■ How to complete this task
Nothing but the lines from the one containing "Collo chitarra scatola - , sigari" through the one containing "View of Residential", both included, should be given again, each exactly as written below.

■ Records to process

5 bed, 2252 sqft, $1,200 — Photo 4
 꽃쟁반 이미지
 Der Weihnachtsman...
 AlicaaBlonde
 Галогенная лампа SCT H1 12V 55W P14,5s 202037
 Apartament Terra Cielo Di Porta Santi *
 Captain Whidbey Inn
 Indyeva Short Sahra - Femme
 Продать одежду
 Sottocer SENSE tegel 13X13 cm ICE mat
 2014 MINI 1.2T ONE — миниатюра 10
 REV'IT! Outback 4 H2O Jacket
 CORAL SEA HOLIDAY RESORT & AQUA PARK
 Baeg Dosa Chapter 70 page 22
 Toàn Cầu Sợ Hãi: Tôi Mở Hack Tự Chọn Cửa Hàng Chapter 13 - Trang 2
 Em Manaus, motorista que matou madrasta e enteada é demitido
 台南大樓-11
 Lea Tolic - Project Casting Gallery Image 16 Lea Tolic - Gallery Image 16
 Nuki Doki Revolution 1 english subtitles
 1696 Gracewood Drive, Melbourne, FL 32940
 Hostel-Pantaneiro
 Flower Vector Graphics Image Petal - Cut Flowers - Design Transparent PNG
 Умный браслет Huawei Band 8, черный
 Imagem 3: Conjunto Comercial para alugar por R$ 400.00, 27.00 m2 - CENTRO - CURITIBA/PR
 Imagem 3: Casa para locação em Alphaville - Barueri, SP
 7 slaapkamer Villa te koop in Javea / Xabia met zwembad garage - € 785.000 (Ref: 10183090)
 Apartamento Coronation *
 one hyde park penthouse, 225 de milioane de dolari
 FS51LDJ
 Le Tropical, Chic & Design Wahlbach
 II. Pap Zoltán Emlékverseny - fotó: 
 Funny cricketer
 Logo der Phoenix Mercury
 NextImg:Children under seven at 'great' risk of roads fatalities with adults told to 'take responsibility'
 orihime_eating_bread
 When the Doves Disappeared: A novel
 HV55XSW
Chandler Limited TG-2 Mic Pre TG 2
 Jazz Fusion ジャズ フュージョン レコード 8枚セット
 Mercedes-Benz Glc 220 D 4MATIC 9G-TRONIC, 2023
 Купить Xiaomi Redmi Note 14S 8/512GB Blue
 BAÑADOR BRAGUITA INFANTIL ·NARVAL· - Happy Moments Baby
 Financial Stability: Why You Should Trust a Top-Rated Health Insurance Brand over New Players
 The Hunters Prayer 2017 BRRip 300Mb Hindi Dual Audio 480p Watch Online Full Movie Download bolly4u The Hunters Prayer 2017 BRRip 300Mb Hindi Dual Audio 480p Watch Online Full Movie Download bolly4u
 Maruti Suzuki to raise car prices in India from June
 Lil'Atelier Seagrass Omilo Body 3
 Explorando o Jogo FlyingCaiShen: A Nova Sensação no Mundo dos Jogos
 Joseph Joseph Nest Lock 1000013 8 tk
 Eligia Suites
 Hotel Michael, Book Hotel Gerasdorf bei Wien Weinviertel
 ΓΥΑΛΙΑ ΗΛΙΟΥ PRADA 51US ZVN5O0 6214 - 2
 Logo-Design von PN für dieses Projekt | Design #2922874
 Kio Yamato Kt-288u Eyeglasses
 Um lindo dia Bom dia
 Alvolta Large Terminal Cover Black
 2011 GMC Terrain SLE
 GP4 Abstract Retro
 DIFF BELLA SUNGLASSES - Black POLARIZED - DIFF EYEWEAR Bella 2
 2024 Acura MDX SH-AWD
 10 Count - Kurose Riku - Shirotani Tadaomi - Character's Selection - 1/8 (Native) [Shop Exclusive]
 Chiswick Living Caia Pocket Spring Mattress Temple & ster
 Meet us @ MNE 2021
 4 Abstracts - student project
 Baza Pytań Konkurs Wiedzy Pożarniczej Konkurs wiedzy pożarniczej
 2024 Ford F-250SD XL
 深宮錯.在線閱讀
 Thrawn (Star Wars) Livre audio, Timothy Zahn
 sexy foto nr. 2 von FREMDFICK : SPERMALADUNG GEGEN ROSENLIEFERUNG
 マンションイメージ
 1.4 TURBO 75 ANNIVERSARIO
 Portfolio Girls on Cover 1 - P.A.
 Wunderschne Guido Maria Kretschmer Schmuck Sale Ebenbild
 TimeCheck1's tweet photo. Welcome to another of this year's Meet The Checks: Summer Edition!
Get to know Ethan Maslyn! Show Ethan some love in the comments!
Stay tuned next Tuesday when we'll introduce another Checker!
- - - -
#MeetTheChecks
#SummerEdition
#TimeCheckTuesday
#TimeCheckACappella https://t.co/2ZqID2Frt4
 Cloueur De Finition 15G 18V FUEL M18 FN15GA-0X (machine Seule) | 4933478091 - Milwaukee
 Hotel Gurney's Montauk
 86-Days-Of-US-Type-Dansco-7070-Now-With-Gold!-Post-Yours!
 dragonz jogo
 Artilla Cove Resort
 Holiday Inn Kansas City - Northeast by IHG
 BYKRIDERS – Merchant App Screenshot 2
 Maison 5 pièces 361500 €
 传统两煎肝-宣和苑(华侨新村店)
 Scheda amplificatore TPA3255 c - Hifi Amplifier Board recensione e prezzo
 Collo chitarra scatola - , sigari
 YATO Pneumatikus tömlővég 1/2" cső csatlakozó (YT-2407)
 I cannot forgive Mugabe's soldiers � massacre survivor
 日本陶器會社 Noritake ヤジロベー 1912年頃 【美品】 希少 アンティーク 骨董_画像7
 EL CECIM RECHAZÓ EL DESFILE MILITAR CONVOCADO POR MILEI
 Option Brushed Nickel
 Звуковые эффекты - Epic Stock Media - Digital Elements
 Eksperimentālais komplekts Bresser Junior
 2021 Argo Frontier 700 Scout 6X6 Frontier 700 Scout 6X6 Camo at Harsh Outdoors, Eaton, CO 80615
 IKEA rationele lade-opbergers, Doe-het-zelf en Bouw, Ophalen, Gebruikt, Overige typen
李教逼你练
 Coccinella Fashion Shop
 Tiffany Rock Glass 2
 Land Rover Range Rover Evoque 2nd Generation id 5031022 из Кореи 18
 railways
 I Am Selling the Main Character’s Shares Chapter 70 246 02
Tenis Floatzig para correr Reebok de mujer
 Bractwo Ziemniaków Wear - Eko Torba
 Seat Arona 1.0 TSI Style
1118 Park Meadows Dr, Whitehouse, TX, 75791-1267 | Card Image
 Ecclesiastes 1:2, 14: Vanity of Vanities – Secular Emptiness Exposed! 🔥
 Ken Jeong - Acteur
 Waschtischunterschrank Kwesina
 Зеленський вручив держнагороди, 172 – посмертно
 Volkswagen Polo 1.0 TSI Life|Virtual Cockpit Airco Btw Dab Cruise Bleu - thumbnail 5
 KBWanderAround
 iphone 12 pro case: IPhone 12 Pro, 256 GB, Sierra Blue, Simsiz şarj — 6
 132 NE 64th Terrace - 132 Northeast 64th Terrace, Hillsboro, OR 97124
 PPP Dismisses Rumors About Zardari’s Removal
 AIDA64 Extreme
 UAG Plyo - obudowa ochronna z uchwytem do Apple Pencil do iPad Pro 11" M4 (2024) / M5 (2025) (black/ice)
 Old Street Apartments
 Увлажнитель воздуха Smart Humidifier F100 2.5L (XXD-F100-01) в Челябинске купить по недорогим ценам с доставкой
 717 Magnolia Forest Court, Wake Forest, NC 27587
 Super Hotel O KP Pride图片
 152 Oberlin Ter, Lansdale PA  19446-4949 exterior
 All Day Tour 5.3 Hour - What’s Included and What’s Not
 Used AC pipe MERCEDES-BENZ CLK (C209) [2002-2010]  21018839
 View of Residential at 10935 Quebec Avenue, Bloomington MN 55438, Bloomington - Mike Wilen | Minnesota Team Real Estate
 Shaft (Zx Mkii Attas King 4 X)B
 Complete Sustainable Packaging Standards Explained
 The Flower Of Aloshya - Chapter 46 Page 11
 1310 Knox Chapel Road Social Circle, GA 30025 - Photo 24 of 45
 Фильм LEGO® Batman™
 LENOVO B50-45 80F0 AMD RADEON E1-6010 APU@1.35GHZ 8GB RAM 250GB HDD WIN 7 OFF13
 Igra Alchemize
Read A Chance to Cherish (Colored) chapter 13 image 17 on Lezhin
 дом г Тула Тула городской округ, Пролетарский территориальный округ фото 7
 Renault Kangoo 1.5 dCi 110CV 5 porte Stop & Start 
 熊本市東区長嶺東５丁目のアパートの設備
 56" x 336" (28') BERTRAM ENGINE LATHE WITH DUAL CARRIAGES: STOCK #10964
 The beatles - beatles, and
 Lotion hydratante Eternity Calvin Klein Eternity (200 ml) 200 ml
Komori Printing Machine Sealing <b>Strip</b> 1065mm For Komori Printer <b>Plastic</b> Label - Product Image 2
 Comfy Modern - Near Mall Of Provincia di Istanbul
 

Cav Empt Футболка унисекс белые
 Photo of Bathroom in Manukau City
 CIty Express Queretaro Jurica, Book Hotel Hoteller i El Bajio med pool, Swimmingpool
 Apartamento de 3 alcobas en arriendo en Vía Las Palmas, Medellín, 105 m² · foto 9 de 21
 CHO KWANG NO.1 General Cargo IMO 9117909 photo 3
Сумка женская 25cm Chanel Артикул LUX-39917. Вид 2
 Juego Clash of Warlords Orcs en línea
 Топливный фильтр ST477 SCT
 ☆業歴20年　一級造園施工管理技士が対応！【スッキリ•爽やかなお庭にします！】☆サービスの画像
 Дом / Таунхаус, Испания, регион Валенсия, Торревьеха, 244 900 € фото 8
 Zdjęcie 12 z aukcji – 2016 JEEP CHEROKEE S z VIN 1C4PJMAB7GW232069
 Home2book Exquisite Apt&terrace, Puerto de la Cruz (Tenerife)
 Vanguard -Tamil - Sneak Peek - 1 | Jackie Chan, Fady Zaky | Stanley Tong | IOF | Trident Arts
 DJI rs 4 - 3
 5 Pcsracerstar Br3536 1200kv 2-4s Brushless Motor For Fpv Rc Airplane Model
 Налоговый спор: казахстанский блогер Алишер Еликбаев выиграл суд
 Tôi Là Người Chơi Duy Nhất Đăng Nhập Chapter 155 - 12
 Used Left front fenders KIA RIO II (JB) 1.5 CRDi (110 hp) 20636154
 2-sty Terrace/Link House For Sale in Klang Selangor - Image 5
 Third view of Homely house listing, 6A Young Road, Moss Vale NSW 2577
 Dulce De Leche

■ Your response
 Collo chitarra scatola - , sigari
 YATO Pneumatikus tömlővég 1/2" cső csatlakozó (YT-2407)
 I cannot forgive Mugabe's soldiers � massacre survivor
 日本陶器會社 Noritake ヤジロベー 1912年頃 【美品】 希少 アンティーク 骨董_画像7
 EL CECIM RECHAZÓ EL DESFILE MILITAR CONVOCADO POR MILEI
 Option Brushed Nickel
 Звуковые эффекты - Epic Stock Media - Digital Elements
 Eksperimentālais komplekts Bresser Junior
 2021 Argo Frontier 700 Scout 6X6 Frontier 700 Scout 6X6 Camo at Harsh Outdoors, Eaton, CO 80615
 IKEA rationele lade-opbergers, Doe-het-zelf en Bouw, Ophalen, Gebruikt, Overige typen
李教逼你练
 Coccinella Fashion Shop
 Tiffany Rock Glass 2
 Land Rover Range Rover Evoque 2nd Generation id 5031022 из Кореи 18
 railways
 I Am Selling the Main Character’s Shares Chapter 70 246 02
Tenis Floatzig para correr Reebok de mujer
 Bractwo Ziemniaków Wear - Eko Torba
 Seat Arona 1.0 TSI Style
1118 Park Meadows Dr, Whitehouse, TX, 75791-1267 | Card Image
 Ecclesiastes 1:2, 14: Vanity of Vanities – Secular Emptiness Exposed! 🔥
 Ken Jeong - Acteur
 Waschtischunterschrank Kwesina
 Зеленський вручив держнагороди, 172 – посмертно
 Volkswagen Polo 1.0 TSI Life|Virtual Cockpit Airco Btw Dab Cruise Bleu - thumbnail 5
 KBWanderAround
 iphone 12 pro case: IPhone 12 Pro, 256 GB, Sierra Blue, Simsiz şarj — 6
 132 NE 64th Terrace - 132 Northeast 64th Terrace, Hillsboro, OR 97124
 PPP Dismisses Rumors About Zardari’s Removal
 AIDA64 Extreme
 UAG Plyo - obudowa ochronna z uchwytem do Apple Pencil do iPad Pro 11" M4 (2024) / M5 (2025) (black/ice)
 Old Street Apartments
 Увлажнитель воздуха Smart Humidifier F100 2.5L (XXD-F100-01) в Челябинске купить по недорогим ценам с доставкой
 717 Magnolia Forest Court, Wake Forest, NC 27587
 Super Hotel O KP Pride图片
 152 Oberlin Ter, Lansdale PA  19446-4949 exterior
 All Day Tour 5.3 Hour - What’s Included and What’s Not
 Used AC pipe MERCEDES-BENZ CLK (C209) [2002-2010]  21018839
 View of Residential at 10935 Quebec Avenue, Bloomington MN 55438, Bloomington - Mike Wilen | Minnesota Team Real Estate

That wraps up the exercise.